George Pushidjian, hijo de un sobreviviente, me relató para la última edición de la Revista Armenia que su padre a los siete años se había quedado solo en medio de la masacre y “no sé sabe cómo hizo 160 kilómetros a pie hasta dar con un pueblo vecino que aún no había sido tomado”.
Allí, sediento, hambriento, descalzo, sucio, acudió a una herrería cuyo dueño lo adoptaría y le salvaría la vida. Hacia 1925 el entonces Imperio Otomano ya había invadido toda Armenia histórica y asesinado a un millón y medio de armenios.
El Genocidio Armenio fue la primera masacre étnica del siglo XX de la que se valió Hitler para llevar a cabo la “limpieza” de judíos pocos años después. Documentos históricos afirman que el Fhurer de la Alemania nazi, mientras elucubraba su plan, habría dicho: “¿Quién se acuerda hoy del exterminio de los armenios?”.
A contra mano de todo y de todos, cada sobreviviente armenio se convirtió en una semilla, que en cada tierra donde se desplomó, germinó. “Llegamos sin idioma, sin plata, sin parientes, sin paisanos buscando paz y libertad”, me graficó en una entrevista Eduardo Yernazian, quien nació poco después de que sus padres llegaran a Buenos Aires –su madre llegó embarazada de seis meses-.

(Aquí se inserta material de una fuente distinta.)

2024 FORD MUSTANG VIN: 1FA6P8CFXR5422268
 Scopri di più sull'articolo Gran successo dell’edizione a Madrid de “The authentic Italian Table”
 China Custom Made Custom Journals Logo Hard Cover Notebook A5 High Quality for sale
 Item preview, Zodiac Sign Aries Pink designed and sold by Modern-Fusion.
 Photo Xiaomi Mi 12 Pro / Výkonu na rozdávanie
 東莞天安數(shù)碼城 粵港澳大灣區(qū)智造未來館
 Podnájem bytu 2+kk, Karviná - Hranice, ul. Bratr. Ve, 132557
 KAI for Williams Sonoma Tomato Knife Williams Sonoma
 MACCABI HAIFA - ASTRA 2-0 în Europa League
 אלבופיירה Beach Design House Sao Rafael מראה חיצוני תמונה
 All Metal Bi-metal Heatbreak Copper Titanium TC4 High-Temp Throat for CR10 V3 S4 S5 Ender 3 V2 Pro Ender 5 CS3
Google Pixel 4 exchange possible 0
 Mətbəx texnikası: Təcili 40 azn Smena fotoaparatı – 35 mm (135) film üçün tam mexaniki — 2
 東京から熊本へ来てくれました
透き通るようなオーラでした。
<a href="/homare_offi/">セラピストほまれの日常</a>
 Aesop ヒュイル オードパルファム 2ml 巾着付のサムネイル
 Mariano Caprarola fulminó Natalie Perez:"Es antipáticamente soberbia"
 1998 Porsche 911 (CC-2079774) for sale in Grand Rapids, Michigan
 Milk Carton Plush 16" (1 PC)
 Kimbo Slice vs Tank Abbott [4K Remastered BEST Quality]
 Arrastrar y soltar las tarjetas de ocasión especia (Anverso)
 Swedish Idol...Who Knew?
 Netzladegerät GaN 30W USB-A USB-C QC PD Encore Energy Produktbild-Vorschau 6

Hoy, a cien años del Genocidio Armenio, la diáspora se fortalece en países como Estados Unidos, Brasil, Uruguay, Argentina, entre otros. Todo aquello producto de haber crecido y haberse integrado a las distintas naciones que les dieron casa, creando colegios, iglesias, medios de comunicación, agrupaciones políticas, desarrollando sus profesiones y formando familias.
En Argentina, cada 24 de abril, en reconocimiento al Genocidio se conmemora el Día por la Acción y la Tolerancia de los Pueblos.
Por otro lado, hasta el día de hoy, Turquía no reconoce su responsabilidad y otros tantos países se hacen los distraídos. Tan solo 22 Estados reconocen legalmente el Genocidio Armenio.
Asimismo, son pocos los Gobiernos – solo Argentina (2007), Francia (2001) y Uruguay (2004) – que en el cuerpo de la ley manifiestan el reconocimiento explícito ante los crímenes que ocasionaron la muerte de más de un millón de personas. Los demás optaron por una resolución parlamentaria.
En este sentido es que la colectividad Armenia mundial sigue luchando, por hacer valer esas vidas que se fueron, hacer valer esas marcas que quedaron en los sobrevivientes y que se siguen heredando de generación en generación. No hay justicia sin reconocimiento ni resarcimiento.
“Las autoridades turcas y su pueblo, a medida que pasa el tiempo, son cada vez más culpables al no reconocer esos hechos y no hacer la necesaria autocrítica”, me dijo una vez el escritor e historiador revisionista Osvaldo Bayer; y así, también, lo creo.